Excerpts from a dataset:
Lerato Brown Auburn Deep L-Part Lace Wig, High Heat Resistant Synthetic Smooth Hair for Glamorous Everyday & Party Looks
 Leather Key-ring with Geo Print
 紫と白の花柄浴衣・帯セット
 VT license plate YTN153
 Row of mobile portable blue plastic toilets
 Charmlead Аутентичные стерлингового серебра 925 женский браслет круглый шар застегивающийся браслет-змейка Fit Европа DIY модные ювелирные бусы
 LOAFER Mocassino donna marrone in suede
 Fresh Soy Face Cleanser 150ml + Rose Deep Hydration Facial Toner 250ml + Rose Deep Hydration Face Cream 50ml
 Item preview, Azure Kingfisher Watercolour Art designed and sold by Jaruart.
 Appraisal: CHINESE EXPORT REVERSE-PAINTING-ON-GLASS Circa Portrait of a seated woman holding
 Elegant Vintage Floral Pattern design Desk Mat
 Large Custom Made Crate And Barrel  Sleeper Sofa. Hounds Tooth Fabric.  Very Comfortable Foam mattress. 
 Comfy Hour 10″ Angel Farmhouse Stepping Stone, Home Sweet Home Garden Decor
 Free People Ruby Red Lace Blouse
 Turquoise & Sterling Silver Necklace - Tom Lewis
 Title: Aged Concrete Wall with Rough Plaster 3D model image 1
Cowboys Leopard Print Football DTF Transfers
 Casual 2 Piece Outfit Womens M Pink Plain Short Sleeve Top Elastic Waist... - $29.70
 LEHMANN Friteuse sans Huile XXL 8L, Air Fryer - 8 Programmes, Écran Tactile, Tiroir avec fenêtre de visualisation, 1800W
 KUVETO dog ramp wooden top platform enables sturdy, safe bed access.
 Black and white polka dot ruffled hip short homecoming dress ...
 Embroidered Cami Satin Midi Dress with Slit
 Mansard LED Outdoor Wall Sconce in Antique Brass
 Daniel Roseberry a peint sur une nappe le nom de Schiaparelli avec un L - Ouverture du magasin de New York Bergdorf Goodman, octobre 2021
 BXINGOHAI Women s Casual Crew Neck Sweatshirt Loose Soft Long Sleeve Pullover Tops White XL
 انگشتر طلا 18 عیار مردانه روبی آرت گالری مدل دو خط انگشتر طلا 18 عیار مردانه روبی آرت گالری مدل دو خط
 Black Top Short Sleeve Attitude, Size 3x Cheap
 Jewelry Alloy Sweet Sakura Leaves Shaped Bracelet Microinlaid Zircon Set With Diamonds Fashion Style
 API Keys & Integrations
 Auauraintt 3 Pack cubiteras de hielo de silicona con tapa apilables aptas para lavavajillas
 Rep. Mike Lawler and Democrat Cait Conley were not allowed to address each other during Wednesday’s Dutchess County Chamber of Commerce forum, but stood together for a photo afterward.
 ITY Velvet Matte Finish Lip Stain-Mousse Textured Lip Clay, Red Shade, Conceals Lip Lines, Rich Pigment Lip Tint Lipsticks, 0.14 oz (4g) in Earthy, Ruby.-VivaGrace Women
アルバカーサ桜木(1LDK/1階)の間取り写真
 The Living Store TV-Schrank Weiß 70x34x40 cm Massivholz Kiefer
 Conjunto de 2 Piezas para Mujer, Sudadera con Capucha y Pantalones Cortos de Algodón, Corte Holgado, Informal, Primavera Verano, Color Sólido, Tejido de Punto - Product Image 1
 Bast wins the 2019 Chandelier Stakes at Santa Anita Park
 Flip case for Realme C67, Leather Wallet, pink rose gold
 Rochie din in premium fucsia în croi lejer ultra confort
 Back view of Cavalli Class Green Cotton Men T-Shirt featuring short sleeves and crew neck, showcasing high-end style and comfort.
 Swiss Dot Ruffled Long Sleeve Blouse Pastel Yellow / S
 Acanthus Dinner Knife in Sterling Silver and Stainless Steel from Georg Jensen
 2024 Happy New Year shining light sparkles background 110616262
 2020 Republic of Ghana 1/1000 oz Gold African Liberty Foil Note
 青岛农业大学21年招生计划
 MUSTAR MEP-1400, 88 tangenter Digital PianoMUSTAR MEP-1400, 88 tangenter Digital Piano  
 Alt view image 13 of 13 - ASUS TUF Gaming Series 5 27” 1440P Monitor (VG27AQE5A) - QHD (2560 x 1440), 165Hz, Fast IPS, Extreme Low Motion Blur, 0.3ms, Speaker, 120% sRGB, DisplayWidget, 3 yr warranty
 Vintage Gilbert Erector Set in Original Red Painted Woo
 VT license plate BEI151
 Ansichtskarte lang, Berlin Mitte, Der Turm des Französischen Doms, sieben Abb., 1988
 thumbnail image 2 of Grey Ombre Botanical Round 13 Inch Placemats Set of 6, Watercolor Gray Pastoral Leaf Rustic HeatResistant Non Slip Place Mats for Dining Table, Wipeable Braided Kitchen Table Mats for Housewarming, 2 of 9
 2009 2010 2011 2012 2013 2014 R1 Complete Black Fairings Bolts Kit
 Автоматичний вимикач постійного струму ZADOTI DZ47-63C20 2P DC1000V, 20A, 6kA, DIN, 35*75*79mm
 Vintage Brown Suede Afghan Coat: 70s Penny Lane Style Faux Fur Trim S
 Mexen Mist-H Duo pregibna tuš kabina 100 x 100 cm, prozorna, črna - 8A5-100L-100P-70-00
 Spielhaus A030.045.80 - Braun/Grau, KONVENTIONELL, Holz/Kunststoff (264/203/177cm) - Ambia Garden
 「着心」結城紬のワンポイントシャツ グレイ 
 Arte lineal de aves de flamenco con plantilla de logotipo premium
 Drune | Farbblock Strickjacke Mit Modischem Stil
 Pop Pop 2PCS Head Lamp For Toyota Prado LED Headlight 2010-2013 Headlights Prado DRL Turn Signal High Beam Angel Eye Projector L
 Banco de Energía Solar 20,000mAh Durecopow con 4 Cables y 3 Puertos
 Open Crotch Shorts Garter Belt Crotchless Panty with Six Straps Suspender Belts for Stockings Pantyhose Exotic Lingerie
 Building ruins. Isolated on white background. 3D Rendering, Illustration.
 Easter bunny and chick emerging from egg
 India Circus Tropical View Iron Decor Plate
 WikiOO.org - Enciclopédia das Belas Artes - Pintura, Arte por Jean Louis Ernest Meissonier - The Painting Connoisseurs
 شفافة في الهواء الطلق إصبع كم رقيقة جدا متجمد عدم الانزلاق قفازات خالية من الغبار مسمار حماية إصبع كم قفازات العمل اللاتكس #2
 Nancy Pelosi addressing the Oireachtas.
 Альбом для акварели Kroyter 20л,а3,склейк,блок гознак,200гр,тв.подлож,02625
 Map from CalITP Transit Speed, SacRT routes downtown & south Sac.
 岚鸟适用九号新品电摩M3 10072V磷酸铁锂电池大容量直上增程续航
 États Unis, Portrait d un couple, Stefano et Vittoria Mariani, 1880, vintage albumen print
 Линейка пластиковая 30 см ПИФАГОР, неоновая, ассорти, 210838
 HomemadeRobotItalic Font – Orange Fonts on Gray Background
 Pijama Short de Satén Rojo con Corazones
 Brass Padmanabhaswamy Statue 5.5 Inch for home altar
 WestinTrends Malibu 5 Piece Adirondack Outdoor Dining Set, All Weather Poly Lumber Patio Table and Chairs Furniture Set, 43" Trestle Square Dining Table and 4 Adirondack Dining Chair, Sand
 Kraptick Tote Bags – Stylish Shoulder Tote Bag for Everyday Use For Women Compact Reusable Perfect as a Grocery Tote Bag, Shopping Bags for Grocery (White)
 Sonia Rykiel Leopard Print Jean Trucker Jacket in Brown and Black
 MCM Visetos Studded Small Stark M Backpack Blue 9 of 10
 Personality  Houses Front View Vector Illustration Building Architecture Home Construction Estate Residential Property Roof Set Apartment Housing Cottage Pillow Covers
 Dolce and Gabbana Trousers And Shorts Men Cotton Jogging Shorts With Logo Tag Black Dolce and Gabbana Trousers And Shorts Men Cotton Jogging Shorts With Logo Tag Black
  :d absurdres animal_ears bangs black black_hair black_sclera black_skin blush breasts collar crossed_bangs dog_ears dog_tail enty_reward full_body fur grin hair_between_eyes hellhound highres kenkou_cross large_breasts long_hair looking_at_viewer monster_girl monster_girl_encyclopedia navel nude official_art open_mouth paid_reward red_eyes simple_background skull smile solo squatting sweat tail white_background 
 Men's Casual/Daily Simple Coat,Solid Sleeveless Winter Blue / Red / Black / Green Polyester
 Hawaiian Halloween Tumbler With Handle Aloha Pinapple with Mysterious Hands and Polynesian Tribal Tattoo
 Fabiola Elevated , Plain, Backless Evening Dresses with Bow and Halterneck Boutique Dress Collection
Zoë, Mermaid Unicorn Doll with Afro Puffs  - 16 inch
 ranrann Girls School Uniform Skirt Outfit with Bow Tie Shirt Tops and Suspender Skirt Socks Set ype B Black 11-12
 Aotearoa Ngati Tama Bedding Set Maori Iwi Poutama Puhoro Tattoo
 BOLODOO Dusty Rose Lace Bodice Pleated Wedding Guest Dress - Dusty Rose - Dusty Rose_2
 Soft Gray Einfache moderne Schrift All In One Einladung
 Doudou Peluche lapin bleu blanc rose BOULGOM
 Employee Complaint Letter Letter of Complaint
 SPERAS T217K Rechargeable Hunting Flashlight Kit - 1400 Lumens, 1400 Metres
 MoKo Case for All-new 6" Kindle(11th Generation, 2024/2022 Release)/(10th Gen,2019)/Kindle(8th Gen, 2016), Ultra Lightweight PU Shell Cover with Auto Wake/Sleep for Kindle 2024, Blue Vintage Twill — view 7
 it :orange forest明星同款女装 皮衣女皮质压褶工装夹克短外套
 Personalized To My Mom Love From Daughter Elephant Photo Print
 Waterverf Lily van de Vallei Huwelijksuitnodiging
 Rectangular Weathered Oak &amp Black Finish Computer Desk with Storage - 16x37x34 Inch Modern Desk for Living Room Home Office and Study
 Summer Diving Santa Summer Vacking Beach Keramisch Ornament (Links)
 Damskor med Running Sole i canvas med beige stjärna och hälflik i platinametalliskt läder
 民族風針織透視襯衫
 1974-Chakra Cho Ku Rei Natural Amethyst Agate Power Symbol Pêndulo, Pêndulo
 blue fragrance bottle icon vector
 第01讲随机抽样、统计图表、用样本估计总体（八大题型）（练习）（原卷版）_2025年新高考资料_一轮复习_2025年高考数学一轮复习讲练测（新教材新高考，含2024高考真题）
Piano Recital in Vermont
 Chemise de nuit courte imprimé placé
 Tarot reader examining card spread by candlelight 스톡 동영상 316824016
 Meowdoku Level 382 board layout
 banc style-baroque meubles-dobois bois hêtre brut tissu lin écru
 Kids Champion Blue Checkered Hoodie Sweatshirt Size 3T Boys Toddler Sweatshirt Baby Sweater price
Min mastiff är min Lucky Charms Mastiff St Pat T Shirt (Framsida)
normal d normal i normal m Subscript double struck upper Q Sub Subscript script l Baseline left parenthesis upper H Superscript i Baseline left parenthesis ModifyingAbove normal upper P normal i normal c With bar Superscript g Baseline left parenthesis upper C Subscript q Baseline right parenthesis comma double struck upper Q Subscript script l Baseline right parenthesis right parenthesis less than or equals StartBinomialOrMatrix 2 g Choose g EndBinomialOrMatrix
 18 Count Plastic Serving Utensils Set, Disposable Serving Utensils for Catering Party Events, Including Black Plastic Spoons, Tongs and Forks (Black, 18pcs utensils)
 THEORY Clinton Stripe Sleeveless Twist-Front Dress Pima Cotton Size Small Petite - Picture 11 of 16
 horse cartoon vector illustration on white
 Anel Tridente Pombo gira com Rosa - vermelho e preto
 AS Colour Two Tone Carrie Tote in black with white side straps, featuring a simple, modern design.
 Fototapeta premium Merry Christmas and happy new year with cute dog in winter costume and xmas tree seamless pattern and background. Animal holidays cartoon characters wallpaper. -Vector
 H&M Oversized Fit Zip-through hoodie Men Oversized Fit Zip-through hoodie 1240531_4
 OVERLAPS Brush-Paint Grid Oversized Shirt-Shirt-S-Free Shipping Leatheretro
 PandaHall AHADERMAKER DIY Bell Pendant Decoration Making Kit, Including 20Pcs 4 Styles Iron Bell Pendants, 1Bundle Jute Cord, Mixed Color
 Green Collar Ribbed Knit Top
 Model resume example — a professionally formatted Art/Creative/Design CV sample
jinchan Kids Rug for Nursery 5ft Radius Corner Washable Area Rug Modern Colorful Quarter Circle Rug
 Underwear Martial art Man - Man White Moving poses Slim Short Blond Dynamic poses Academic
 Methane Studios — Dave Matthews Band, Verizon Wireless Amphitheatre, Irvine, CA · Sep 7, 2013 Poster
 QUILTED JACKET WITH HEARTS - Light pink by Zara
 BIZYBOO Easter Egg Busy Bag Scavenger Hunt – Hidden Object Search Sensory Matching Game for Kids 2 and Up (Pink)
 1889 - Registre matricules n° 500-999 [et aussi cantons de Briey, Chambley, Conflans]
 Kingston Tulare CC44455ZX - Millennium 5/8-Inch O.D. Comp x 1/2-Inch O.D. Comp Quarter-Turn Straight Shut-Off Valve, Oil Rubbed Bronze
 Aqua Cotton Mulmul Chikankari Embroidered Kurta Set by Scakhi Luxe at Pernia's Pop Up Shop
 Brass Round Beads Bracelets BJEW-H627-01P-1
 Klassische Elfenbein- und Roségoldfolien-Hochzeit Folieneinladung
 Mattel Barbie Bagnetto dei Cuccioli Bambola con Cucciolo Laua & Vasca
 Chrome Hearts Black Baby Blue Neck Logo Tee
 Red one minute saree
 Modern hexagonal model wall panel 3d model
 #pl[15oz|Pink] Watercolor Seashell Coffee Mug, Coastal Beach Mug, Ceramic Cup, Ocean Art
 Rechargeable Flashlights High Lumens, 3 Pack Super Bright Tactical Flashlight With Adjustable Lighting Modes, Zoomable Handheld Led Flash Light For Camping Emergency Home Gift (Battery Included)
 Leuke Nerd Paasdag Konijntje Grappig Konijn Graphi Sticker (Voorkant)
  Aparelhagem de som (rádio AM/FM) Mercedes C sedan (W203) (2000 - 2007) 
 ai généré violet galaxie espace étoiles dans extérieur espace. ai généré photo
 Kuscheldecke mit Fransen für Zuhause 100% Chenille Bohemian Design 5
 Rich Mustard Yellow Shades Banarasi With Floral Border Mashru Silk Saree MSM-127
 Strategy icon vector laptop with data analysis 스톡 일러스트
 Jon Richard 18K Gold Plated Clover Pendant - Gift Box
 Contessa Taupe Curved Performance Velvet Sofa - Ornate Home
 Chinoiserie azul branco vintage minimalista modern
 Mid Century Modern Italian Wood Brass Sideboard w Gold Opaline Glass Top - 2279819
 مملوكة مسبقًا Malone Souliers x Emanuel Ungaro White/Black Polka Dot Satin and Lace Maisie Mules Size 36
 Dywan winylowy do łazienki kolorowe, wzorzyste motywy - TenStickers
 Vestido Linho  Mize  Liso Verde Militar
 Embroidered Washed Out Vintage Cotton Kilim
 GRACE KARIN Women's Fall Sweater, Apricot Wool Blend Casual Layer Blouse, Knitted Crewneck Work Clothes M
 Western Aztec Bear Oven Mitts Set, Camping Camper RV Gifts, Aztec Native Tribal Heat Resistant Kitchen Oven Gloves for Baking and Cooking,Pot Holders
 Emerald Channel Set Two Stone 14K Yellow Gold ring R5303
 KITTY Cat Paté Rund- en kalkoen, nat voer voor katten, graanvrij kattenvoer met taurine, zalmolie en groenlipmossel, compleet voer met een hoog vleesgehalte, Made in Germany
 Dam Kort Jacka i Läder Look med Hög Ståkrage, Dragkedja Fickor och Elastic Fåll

### DIRECTIONS FOR THIS TASK
Count lines, not occurrences: report how many lines in the entries above include the word "Easter", as a number alone.

### REPLY TO THE TASK
2